You guessed it! Apple's index weighting to the furthest decimal is 7.069809%, and the bottom 200 stocks in the index represent 7.11465% of the index. Let that sink in.
As I said, this means before this means any of those bottom 200 stocks can double, triple in value, and in reality, it doesn't mean anything to the S&P 500 index. The only stocks that make a difference are the top say 100, 50, 25, or maybe just the top 5?
The top 100 stocks in the S&P 500 represent 70.9803% of the index, which means the other 400 stocks only make up 29% of the fund. And we already saw that the bottom 200 only represent 7.11%, meaning the 200 stocks that start after the 100th and end before the 300th stock make up just 22% of the entire S&P 500. Some of the companies that fall in the range are FedEx (FDX), eBay (EBAY), Kroger (KR), AIG (AIG), Best Buy (BBY), Hilton Worldwide (HLT), and Kraft Heinz (KHC), to name a few.
The top 50 stocks in the index represent 56.22232% of the index, which is crazy to think that 50 stocks make up more than 50% of the index when the index as a whole is comprised of more than 500 stocks. But it gets worse because the top 25 stocks make up 42.42422% of the index. Yes, you are reading that right. That means that the 26th through the 50th largest stocks in the S&P 500 only makes up 13.7981% of the index. The stocks that fall in the 26th to 50th largest range are stocks like Bank of America (BAC), Comcast (CMCSA), Coca-Cola (KO) and Pepsi (PEP), Exxon Mobile (XOM), a company that just a few years ago was the largest company in the world, and McDonald's (MCD).
Now, are you ready for your mind to be blown?
The top 5 companies (6 stocks) in the S&P 500 currently represent 23.78% of the index. Apple (AAPL), Microsoft (MSFT), Amazon.com (AMZN), Facebook (FB), and Alphabet (GOOG). Let that sink in. Six stocks, but five companies (since Alphabet has Call A and Class B shares) control 23.75% of an index made up of 500 companies.
So, in reality, if you don't own Apple, Microsoft, Amazon.com, Facebook, and Alphabet, you haven't been able to keep up with the market because those five companies have been big winners over the last eight months. More so, if the funds you own don't hold those stocks, they have fallen behind.
And let's be honest, even if you own those stocks, or the fund you own holds those stocks if they didn't hold them in abundance, then you missed out on their incredible runs and are likely not matching the performance of the S&P 500.
In part two, I talk about what you should own if you want to beat the market moving forward but still be diversified and protected from single stock risk.
Matt Thalman
INO.com Contributor - ETFs
Follow me on Twitter @mthalman5513
Disclosure: This contributor owned shares of Apple, Amazon, Exxon Mobile, Kroger, Microsoft, and Google at the time this blog post was published. This article is the opinion of the contributor themselves.
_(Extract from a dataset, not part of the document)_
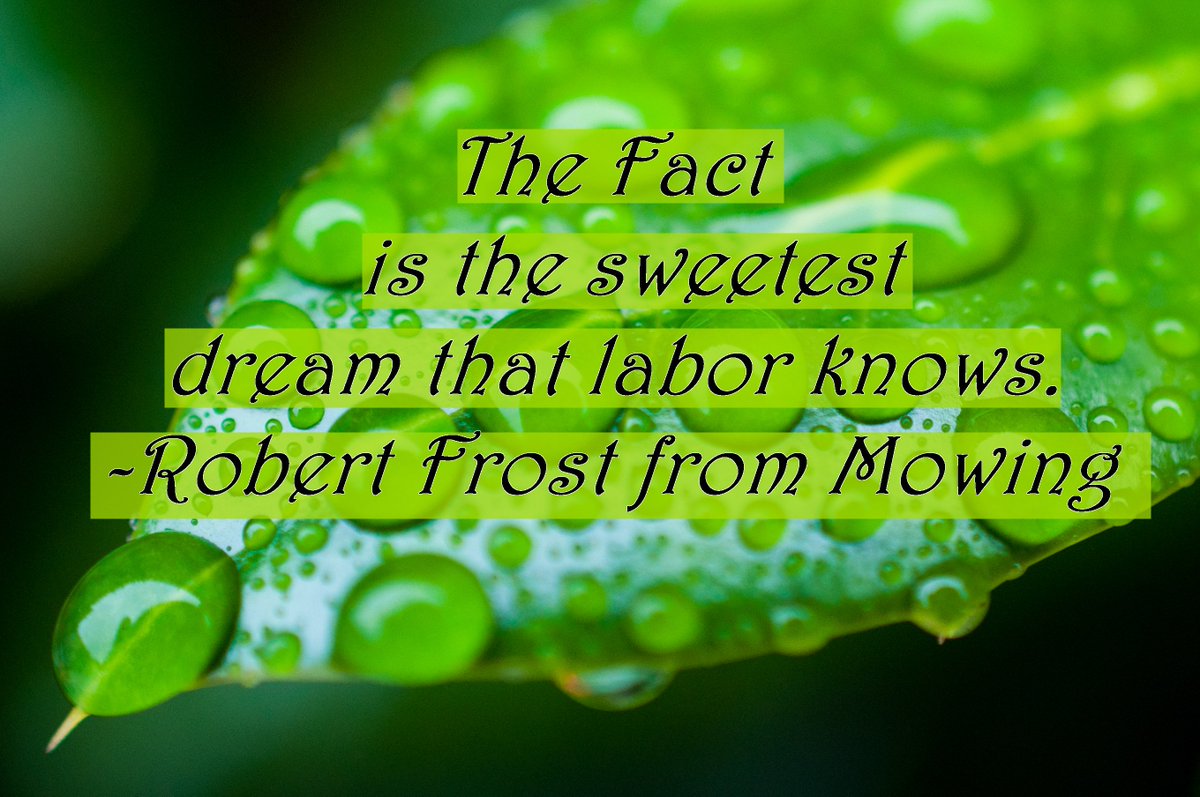 BryanCollegeAGS's tweet photo. After a week of hard work, we'll leave you with a snippet of Robert Frost's The Mowing https://t.co/DVfsIJu462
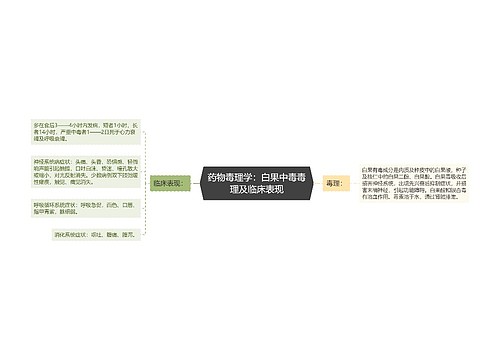 药物毒理学：白果中毒毒理及临床表现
The above is a matter of opinion provided for general information purposes only and is not intended as investment advice. This contributor is not receiving compensation (other than from INO.com) for their opinion.
Very interesting conclusion that make me feel better because my $700K portfolio constantly lags behind S&P at few % points, and I was thinking why? Now, I have an answer.
Thanks!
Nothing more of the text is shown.